■ Assignment ■
For this item, repeat the material exactly while omitting its pictures.

■ The data ■
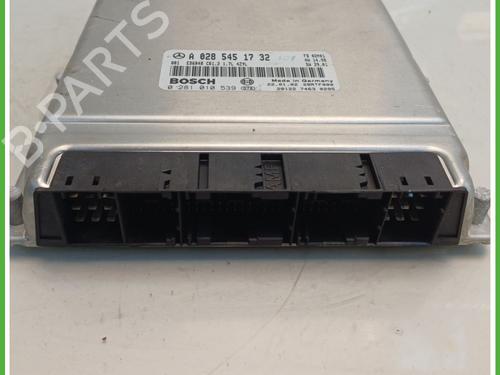 Engine control unit (ECU) MERCEDES-BENZ VANEO (414) 1.7 CDI (414.700) | BP29127097M57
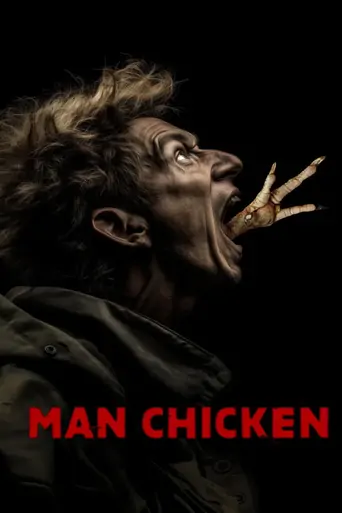 Man Chicken Film izle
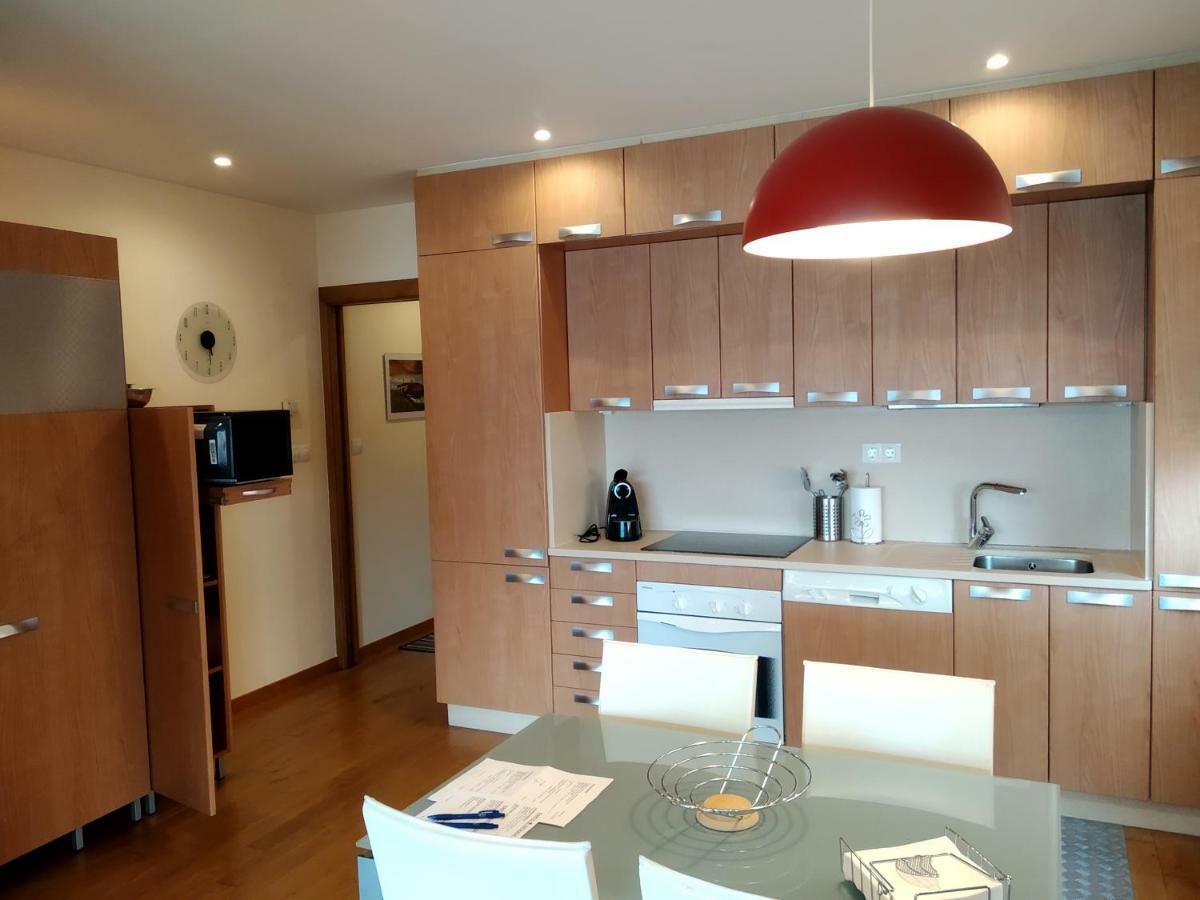 Mirador De La Ria Apartment Ribadeo Exterior photo
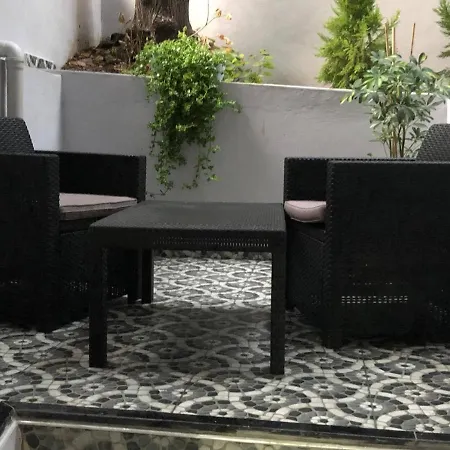 Lovely Apartment W Garden /4Mins To Taksim Square-2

■ Exercise output ■
 Engine control unit (ECU) MERCEDES-BENZ VANEO (414) 1.7 CDI (414.700) | BP29127097M57
 Man Chicken Film izle
 Mirador De La Ria Apartment Ribadeo Exterior photo
 Lovely Apartment W Garden /4Mins To Taksim Square-2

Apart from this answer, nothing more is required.